Standing desks have been one of those inventions that have long had their champions, yet stubbornly avoided mainstream adoption. Most of the time, when the desks are discussed it’s around their value to the workplace, and in particular the health of employees.
A recent study set out to explore whether the desks would have a similar impact if placed in schools. Perhaps unsurprisingly, they found that deployment of standing desks could slow down the increase of a child’s BMI by over 5%.
“Research around the world has shown that standing desks are positive for the teachers in terms of classroom management and student engagement, as well as positive for the children for their health, cognitive functioning and academic achievement,” says Mark Benden, an associate professor in environmental and occupational health at the Texas A&M School of Public Health and an author of the study published in the American Journal of Public Health.
The study, completed across three Texan schools, saw twenty four classrooms fitted with the standing desks, with other classrooms equipped as per normal to act as the control group.
Each of the 193 students was then followed through third and fourth grade to monitor changes in their BMI. Whilst those in the control group saw a 2% rise in their BMI, those in the standing classrooms saw their BMI drop by 3%.
What’s more, the gains were consistent across both boys and girls, and between students of different races.
“Classrooms with stand-biased desks are part of what we call an Activity Permissive Learning Environment (APLE), which means that teachers don’t tell children to ‘sit down,’ or ‘sit still’ during class,” the researchers say. “Instead, these types of desks encourage the students to move instead of being forced to sit in poorly fitting, hard plastic chairs for six or seven hours of their day.”
It’s believed that standing during the day results in 15% more calories being burned than when we sit all day, but this is the first study to quantify changes in BMI as a result of persistent standing desk usage. The BMI measurement was important because, of course, children will naturally gain weight as they age and grow.
The study reminds us that the benefits of being even moderately more active, even if we’re healthy to begin with, can be considerable.
Whilst standing desks have gained more traction in the workplace, a number of groups are trying to encourage their use in the classroom too. Foremost among these is StandupKids, who pioneered the use of standing desks in a partnership with a school in California last year.
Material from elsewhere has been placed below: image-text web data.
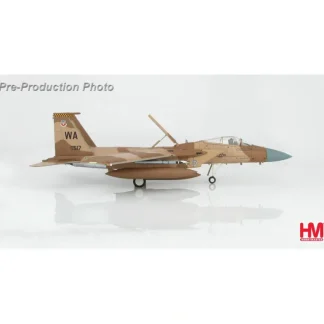 Hobby Master HA4557 1:72 F-15C Desert Flanker Scheme - Miniature Marvels: Airplane Models & Painted Dice* Airplane Model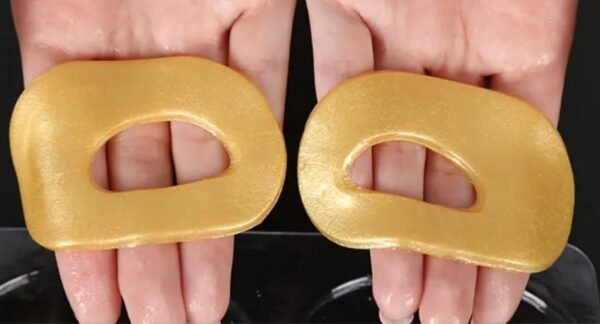 24K Gold Hydrogel Eye Patches – Firming, Brightening & Hydrating - Image 6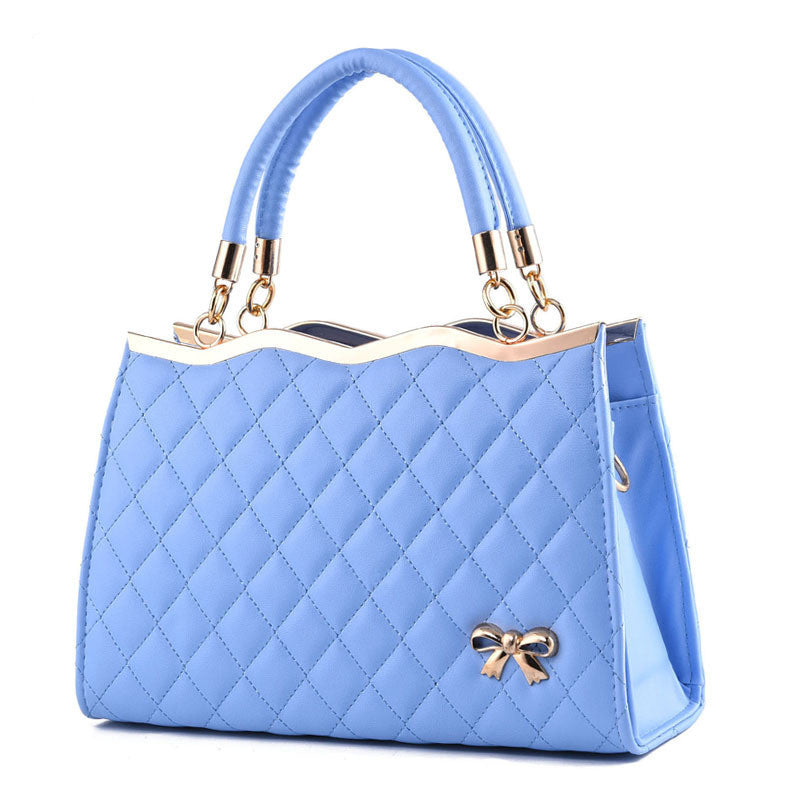 Crossbody shoulder bag with bow My Store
“Once there is one standing classroom in action, teachers, students, and parents alike see that the desks create a more dynamic classroom environment, are individually adjusted to each child, and are healthier and better for kids,” they said at the time.
Whilst the difficulty standing desks have had in gaining acceptance in the workplace should provide a salutary lesson, the group hope to eventually have standing desks in every classroom. It will be fascinating to see just how successful they prove to be.